All’altro capo dell’intraducibilità c’è la traduzione: se per il testo solo tecnico non c’è traduzione a causa della preponderante presenza del comunicabile rispetto allo stile, per la traduzione la situazione è opposta. Qui l’inteso è solo sfiorato dalla lingua, come un’arpa eolica lo è dal vento. Così intesa, svincolata da ogni obbligo di comunicare un contenuto, la traduzione diventa un’impresa per molti versi terribile. In essa il senso sprofonda, viene risucchiato nel vortice delle lingue, nella profonda e irraggiungibile armonia che la traduzione evoca.
Le traduzioni da Sofocle furono l’ultima opera di Hölderlin. In esse il senso precipita di abisso in abisso, fino a rischiare di perdersi in profondità linguistiche senza fondo.
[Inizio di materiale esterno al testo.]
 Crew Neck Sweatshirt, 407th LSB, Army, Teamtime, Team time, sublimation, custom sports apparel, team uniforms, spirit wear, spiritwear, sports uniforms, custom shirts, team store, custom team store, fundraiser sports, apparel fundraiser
C’è bensì un arresto, ma nessun testo lo concede all’infuori del sacro, in cui il senso ha cessato di essere lo spartiacque fra il fiume della lingua e quello della rivelazione. (W. Benjamin, Il compito del traduttore, in Angelus novus, Einaudi, Torino, 1962, p. 51)
Il testo sacro
Nel sacro, nella sua lettera, è la vera lingua, senza alcuna mediazione del senso, senza alcuna relazione fuori di sé, che parla. Il testo sacro, è già vera lingua nell’originale, lettera e senso a un tempo, lingua che non esprime nulla fuori di se stessa, perciò è per sua natura immediatamente traducibile. E se ciò che conta non è l’inteso, ma la lingua in quanto modo di intendere, sarà la versione interlineare del testo sacro, parola per parola, l’archetipo di ogni traduzione.